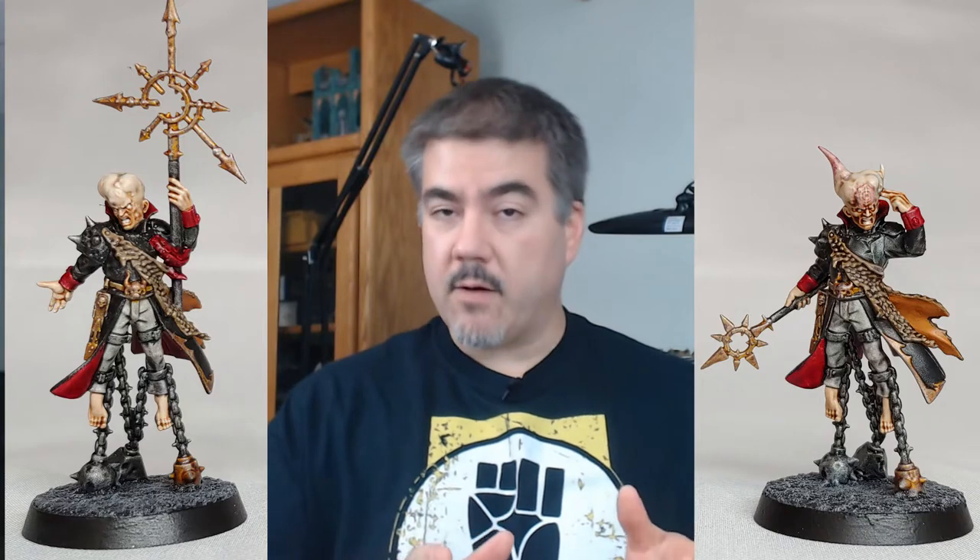Hey folks, Cory here with Fist and Stone Wargaming. Welcome back to the Stone Path. In today's video, I'm going to show you how I painted up a couple of Rogue Psychers from Blackstone Fortress using primarily Citadel Contrast paints and then picking out a few details to really make them stand out.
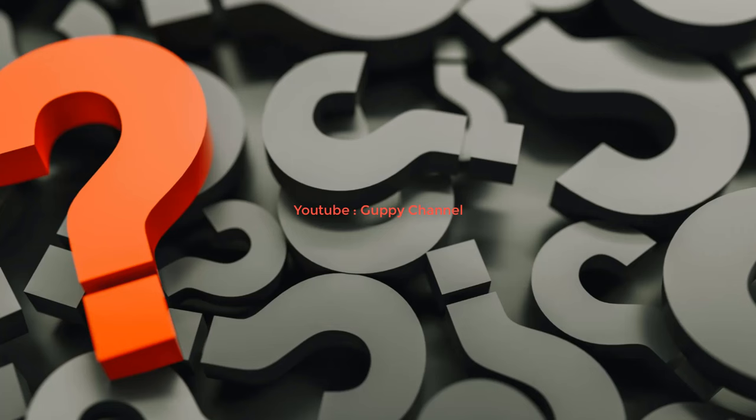This guide turned out much longer than I wanted because I've included a lot of information. I really hope that you were able to take something away and that it gave you a good base on how to prepare food for your guppies and other fish at home. If you have any questions regarding homemade guppy food, please leave a comment below.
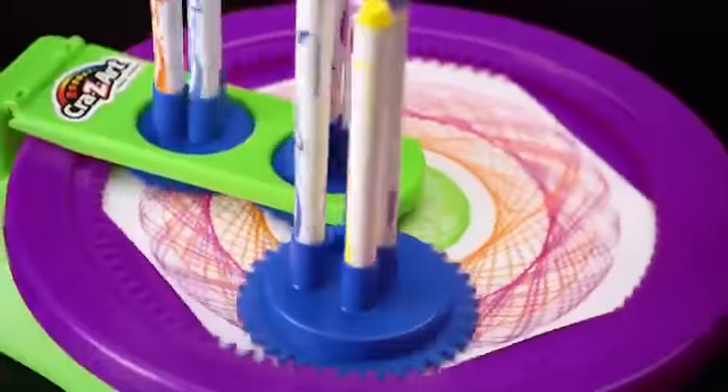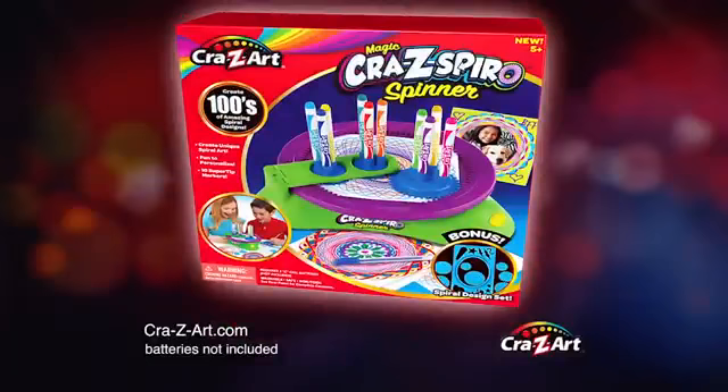Get your spin on. Spin, spin, spin with Crazy Spyro. The Magic Crazy Spyro Spinner.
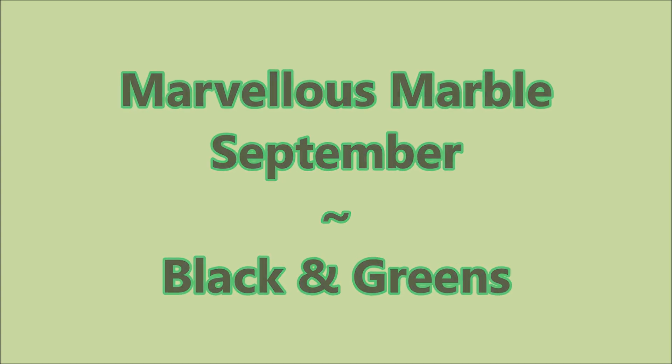Hello, my friend, and welcome to my channel. Today we've got Marvelous Marble for September, and the colors were black and greens.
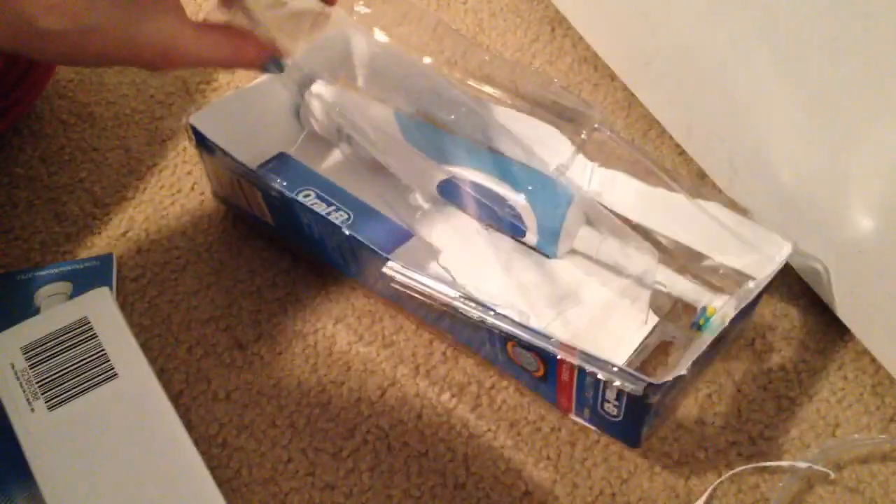Oh, I think this is the charger. And this is the bonus head. It's got a little ring — I have some of those rings, and that was my favorite color.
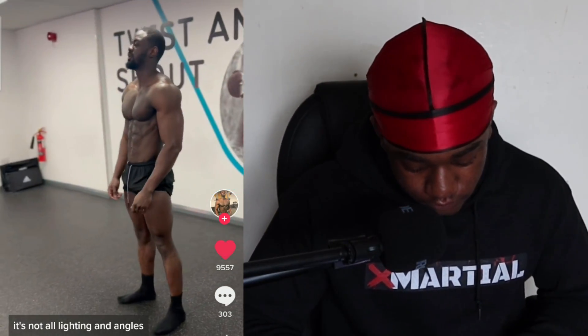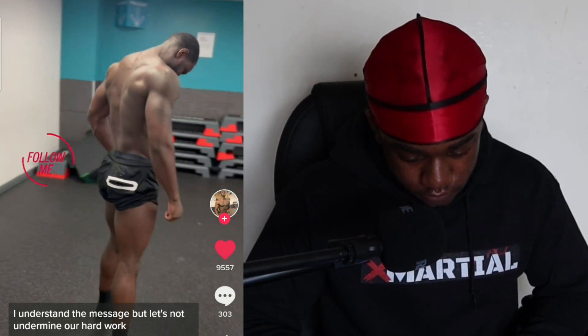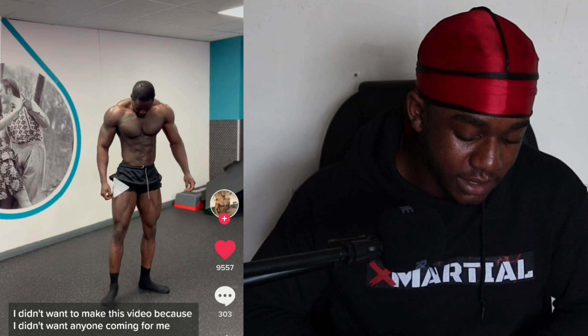The TikTok says: 'It's not all lighting and angles — some of us have abs most of the time, and when we tense you're able to see them particularly well. Yes, I'm flexing here for the same reason a dentist smiles in a photo — I'm advertising a product. The average person doesn't look like this regardless of lighting or angles. My point is it's not all fake — we are displaying what is attainable through hard work and dedication. Let's not undermine our hard work ethic.'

──────────────────────────────

- EXERCISE DIRECTIONS -
The listing above should be repeated word for word, with every image left out.

- TASK OUTPUT -
Hey folks, Cory here with Fist and Stone Wargaming. Welcome back to the Stone Path. In today's video, I'm going to show you how I painted up a couple of Rogue Psychers from Blackstone Fortress using primarily Citadel Contrast paints and then picking out a few details to really make them stand out.
This guide turned out much longer than I wanted because I've included a lot of information. I really hope that you were able to take something away and that it gave you a good base on how to prepare food for your guppies and other fish at home. If you have any questions regarding homemade guppy food, please leave a comment below.
Get your spin on. Spin, spin, spin with Crazy Spyro. The Magic Crazy Spyro Spinner.
Hello, my friend, and welcome to my channel. Today we've got Marvelous Marble for September, and the colors were black and greens.
Oh, I think this is the charger. And this is the bonus head. It's got a little ring — I have some of those rings, and that was my favorite color.
The TikTok says: 'It's not all lighting and angles — some of us have abs most of the time, and when we tense you're able to see them particularly well. Yes, I'm flexing here for the same reason a dentist smiles in a photo — I'm advertising a product. The average person doesn't look like this regardless of lighting or angles. My point is it's not all fake — we are displaying what is attainable through hard work and dedication. Let's not undermine our hard work ethic.'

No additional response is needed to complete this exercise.